> _Action item_
Where the records hold the string "Grey", show the whole line it sits on.

*** Data provided ***

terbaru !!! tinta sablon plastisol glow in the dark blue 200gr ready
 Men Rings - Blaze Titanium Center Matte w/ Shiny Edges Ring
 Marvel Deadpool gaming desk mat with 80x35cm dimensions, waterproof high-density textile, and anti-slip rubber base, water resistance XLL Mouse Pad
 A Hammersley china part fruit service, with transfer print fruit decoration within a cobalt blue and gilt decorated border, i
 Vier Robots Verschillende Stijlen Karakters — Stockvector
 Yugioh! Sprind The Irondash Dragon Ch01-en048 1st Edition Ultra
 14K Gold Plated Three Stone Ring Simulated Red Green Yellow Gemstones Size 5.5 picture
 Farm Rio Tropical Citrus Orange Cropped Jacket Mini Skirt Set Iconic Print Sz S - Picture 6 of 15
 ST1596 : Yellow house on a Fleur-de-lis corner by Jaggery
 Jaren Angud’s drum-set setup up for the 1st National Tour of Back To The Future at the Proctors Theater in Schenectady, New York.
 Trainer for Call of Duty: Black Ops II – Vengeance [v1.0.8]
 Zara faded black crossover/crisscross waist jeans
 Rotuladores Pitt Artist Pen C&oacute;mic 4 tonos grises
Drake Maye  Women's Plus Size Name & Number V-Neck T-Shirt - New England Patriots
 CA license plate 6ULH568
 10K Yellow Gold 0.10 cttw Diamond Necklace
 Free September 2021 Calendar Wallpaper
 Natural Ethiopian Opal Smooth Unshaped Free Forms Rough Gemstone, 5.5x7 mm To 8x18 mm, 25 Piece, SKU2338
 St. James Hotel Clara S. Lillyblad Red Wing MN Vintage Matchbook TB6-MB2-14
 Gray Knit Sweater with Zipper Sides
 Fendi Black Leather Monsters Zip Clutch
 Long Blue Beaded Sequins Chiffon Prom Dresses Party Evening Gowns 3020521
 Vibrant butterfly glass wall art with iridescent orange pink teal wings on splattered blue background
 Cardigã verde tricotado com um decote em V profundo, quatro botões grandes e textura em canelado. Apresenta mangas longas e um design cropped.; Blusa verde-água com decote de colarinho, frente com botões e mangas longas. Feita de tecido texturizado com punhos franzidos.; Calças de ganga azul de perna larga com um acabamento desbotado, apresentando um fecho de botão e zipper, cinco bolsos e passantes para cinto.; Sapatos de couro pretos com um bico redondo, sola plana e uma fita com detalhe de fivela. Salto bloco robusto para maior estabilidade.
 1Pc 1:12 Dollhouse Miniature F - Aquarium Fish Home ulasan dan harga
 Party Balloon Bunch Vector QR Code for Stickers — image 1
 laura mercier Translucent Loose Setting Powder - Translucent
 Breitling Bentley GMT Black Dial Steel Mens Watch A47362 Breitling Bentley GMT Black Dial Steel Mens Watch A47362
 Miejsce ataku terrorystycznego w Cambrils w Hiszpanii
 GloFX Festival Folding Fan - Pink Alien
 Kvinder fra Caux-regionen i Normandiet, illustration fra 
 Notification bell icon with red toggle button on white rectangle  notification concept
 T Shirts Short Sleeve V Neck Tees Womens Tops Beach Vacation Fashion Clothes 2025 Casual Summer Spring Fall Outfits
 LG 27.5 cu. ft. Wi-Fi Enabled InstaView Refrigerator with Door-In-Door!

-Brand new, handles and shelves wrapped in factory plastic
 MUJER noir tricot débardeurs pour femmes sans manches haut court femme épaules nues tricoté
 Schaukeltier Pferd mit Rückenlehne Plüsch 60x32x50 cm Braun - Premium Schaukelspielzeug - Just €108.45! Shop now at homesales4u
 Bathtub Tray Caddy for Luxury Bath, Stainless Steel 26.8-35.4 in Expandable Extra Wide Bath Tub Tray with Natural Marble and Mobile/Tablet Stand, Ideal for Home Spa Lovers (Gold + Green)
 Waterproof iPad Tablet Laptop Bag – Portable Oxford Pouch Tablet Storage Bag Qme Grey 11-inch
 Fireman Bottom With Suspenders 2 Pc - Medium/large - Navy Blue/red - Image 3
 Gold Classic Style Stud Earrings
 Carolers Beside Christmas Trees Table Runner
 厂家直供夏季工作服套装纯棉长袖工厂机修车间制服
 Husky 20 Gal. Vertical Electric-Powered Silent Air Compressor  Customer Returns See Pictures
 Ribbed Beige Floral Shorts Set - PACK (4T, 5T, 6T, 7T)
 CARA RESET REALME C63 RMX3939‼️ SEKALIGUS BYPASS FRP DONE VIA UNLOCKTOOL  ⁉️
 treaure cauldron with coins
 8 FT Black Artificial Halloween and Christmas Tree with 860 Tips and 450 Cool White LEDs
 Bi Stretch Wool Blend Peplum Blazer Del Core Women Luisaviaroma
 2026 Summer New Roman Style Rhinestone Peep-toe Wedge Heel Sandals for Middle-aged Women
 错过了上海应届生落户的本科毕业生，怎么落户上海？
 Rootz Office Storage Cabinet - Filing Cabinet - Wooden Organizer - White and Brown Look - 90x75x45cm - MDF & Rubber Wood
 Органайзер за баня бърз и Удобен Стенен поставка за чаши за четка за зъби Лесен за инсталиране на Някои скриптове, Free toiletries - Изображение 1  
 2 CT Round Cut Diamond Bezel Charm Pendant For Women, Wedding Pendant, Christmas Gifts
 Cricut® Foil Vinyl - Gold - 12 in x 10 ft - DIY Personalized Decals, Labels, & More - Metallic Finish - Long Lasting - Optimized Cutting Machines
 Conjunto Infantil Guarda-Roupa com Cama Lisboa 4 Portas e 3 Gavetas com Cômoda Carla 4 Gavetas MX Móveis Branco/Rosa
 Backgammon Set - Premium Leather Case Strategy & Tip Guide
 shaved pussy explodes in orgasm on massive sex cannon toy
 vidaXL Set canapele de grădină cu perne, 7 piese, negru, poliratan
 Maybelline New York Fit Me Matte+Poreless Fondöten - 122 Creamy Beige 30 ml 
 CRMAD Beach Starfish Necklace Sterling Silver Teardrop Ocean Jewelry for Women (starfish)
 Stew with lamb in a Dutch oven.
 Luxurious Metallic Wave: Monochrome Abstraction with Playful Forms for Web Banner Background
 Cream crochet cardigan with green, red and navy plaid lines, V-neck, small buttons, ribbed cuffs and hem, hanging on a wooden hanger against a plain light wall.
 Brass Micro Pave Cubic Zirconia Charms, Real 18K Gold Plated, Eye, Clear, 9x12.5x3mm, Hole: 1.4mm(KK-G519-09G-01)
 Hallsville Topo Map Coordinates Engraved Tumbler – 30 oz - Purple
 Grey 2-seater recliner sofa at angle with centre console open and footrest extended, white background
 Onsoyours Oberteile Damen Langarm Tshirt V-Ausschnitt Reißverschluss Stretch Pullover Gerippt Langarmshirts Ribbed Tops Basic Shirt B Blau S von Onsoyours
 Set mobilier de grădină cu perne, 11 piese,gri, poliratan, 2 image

*** End of Data provided ***

> _Response_
 Waterproof iPad Tablet Laptop Bag – Portable Oxford Pouch Tablet Storage Bag Qme Grey 11-inch
 Grey 2-seater recliner sofa at angle with centre console open and footrest extended, white background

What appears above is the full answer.